Broos has since apologised, accepted responsibility for his remarks and, crucially, retained the backing of both his players and the South African Football Association. The issue now appears to be water under the bridge, dealt with swiftly enough to avoid becoming a lingering distraction.
In tournament football, that matters. Teams rarely fail because of what happens on the pitch alone; they fail when outside noise fractures trust inside the camp. With that storm seemingly passed, attention can return to what originally made Bafana genuine contenders rather than mere participants.
South Africa head into AFCON as one of the tournament’s quiet favourites after an impressive World Cup qualifying campaign and the confidence boost of a bronze-medal finish at the previous edition. This is no longer a team rebuilding its identity; it is one refining it. Broos has instilled structure, discipline and belief, and the results have followed.
Yet tournaments are not won on systems alone. They are won by individuals who can tilt matches, players who offer control when chaos threatens, or composure when pressure peaks. For Bafana, two such players stand out as potentially decisive: Sipho Mbule and Mbekezeli Mbokazi.
Mbule remains one of the most naturally gifted midfielders South Africa has produced in recent years. On his day, he dictates tempo, unlocks compact defences and gives Bafana a creative edge few African sides can comfortably handle. His range of passing allows South Africa to bypass pressure rather than absorb it, while his intelligence between the lines offers an attacking outlet that reduces the burden on the forwards.
At AFCON, where matches are often tight, physical and decided by moments rather than patterns, Mbule’s ability to pull the strings could prove invaluable. If he finds consistency and discipline, he becomes the fulcrum around which Bafana’s ambitions turn.
At the other end of the pitch, Mbokazi represents something just as important: defensive assurance with modern qualities. AFCON history is littered with talented teams undone by defensive lapses, and South Africa’s progress may well depend on how secure they are under sustained pressure. Mbokazi’s reading of the game, aerial strength and comfort in possession give Bafana balance – allowing them to defend deep when required, but also to build from the back without panic.
His presence could be the difference between surviving knockout football and succumbing to it.

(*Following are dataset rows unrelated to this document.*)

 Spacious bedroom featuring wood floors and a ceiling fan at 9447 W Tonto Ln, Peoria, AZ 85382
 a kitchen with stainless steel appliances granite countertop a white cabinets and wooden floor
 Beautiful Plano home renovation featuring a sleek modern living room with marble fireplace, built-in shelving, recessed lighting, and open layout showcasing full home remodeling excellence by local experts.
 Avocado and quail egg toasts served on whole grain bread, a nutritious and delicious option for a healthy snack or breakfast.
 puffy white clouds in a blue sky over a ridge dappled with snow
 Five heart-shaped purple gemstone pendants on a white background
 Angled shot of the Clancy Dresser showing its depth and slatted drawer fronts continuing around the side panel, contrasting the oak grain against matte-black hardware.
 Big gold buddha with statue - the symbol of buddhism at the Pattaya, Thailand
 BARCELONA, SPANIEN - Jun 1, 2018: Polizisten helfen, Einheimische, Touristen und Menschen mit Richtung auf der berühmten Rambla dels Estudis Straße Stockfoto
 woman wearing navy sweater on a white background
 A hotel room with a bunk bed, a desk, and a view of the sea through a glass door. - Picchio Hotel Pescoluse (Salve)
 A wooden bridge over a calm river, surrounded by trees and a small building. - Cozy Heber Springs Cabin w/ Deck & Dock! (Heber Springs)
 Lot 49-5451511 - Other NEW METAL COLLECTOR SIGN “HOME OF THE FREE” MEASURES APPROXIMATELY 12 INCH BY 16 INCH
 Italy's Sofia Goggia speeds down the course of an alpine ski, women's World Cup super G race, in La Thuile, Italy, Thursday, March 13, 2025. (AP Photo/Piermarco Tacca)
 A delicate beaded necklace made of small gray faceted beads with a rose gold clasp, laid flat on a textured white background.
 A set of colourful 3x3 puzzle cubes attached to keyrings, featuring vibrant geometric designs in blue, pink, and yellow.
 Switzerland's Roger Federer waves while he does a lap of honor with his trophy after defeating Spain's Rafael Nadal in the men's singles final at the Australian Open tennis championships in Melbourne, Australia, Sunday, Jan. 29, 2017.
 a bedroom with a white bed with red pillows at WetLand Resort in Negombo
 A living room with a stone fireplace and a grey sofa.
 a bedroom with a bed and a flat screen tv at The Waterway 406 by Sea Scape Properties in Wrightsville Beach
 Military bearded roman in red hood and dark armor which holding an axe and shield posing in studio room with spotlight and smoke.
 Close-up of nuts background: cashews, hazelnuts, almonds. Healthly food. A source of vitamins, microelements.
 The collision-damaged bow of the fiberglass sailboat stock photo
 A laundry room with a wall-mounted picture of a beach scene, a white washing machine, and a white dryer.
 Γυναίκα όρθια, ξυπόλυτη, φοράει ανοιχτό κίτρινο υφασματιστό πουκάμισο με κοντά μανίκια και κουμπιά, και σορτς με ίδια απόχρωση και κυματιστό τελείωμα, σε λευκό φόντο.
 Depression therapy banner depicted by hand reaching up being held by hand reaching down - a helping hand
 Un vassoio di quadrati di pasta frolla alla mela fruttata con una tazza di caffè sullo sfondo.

The significance of Mbule and Mbokazi is not that they are saviours, but that they embody what this Bafana side is becoming: technically sound and mentally tougher than in years past. They give Broos options – and AFCON is a tournament that rewards flexibility.
The controversy surrounding the coach may have dominated headlines briefly, but it is unlikely to define Bafana’s tournament. What will matter far more is whether South Africa’s key players rise to the occasion when margins are fine and pressure is unforgiving.
If Mbule can conduct the midfield with authority, and Mbokazi can anchor the defence with composure, Bafana Bafana will will be genuine contenders.
And that, more than any off-field noise, will determine how far this team goes.